The humpy salmon season is reaching its peak and every day legions of anglers swarm Whidbey Island beaches for their share of pink gold.
And with an estimated 6.8 million spawning through Puget Sound, people are landing fish and good memories both. But is there a darker side to the much anticipated, every-other-year salmon boon?
While most say no, that the pink season is a delight for countless fishermen and their families, 9-1-1 calls indicated that some popular South End fishing holes have been rather rough places of late. In the first week of August, at least three assaults occurred at Bush Point alone, incidents that involved sticks, choking and angry anglers wrestling in the surf.
The area is a regional hot spot, and at certain tides Bush Point can get so crowded it can be a challenge for fishermen to find a place to call their own. It’s sometimes described as shoulder-to-shoulder combat fishing.
“Anytime you have a situation like that, you can expect some conflict,” said Sgt. Laura Price, with the Island County Sheriff’s Office’s South Precinct.
“If anything, I’m surprised we haven’t gotten more calls,” she said.
Overall, however, incidents resulting from the odd-year pink madness appear to be rare on Whidbey Island. The three assaults on the South End were the only cases this season, though more may have resulted that weren’t reported, Price said. Likewise, Jack Hartt, manager of Deception Pass State Park, another busy Whidbey fishing destination, said brawls among fishermen are almost unheard of. Because it is so busy, most try to be respectful of one another’s space.
“Because it is combat fishing, people know the rules,” Hartt said. “We never really have anything serious.”
“Everybody gets along pretty well, actually.”
Unlike some public fishing areas, alcohol is prohibited on state park beaches, which may be another factor in the rarity of incidents at Deception Pass, Hartt said. Price confirmed that two of the assault cases at Bush Point appeared to involve spirits. She also noted that two of the incidents involved the same two men — off-island visitors.
Those incidents were disputes about personal space. In the first instance, the two men were in a raft and floating toward the shoreline near Sandpiper Lane. While they blamed the current, they were directly in front of fishermen onshore. According to Price, one of the men on the beach decided to cast anyway and hooked one of the rafters in a finger.

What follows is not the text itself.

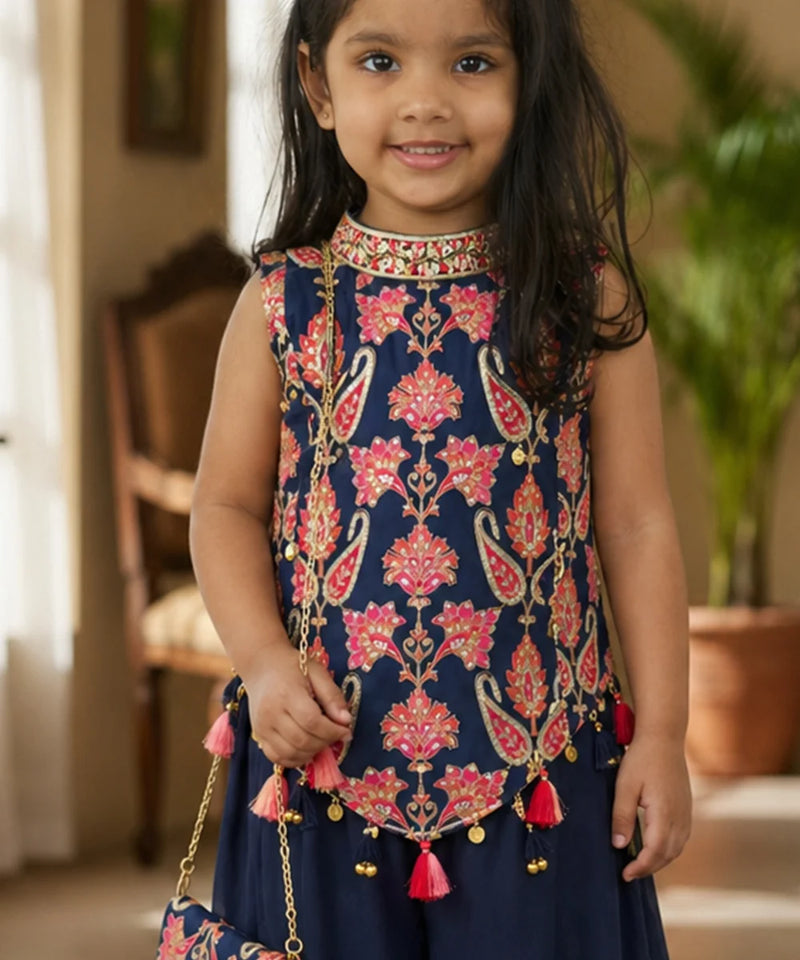 Young girl wearing a traditional embroidered top with pink floral patterns and red tassels.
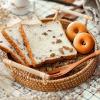 imageDECRAFTS Round Rattan Tray Woven Bread Basket with Handles Small Cracker Tray for Serving Dinner Parties Coffee Table Tea Natural 11 inches Diameter11 inch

“That set the guys in the boat off and there was a scuffle,” she said.
The same men got into it again a few days later with a father and his adult son near the boat launch. The details are unclear, but the father, described as an older man, was punched and his son intervened. A stick was picked up, and ultimately two of the combatants ended up in the water.
Price noted that in neither case did surrounding fishermen intervene or call 9-1-1.

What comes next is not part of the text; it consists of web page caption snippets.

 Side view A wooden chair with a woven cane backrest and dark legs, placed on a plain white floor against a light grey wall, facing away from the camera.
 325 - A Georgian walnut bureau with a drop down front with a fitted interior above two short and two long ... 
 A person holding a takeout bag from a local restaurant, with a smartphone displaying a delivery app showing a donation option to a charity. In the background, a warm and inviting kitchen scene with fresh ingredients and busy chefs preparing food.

The third incident was a dispute over alleged incursions on private property, another common cause of conflict during busy salmon years. Ron Burnett, who identified himself as a property caretaker, reportedly asked an angler to move belongings that were too close to a house. A fracas ensued, which ended with Burnett putting his hand on the man’s throat and them both tumbling into the water.
No charges were filed.
According to Burnett, Humpy years are tough for fishermen and property residents alike; most try to be respectful of each other but transgressions do occur. Sometimes it’s trespassing fishermen, and others overzealous property owners.
“Most of the guys are pretty congenial… but there is once in a while that person,” Burnett said. “It’s that guy that ruins it for everyone else. That’s a tragedy because a lot of kids catch fish from the beach. Often it’s their first fish.”
Joe Zante, a Bothell resident who described himself as a regular patron of the Clinton ferry during pink years, said Bush Point is largely a pleasurable place to fish. There are a few fishermen who don’t like to share space, and once in a while there is a run-in with property owners, but he’s never had those problems himself, he said. The key to staying out of trouble is to treat everyone with respect and remember a certain philosophy.
“It is a privilege to go fishing,” he said.
Also, it’s whole lot more fun to focus on the fish.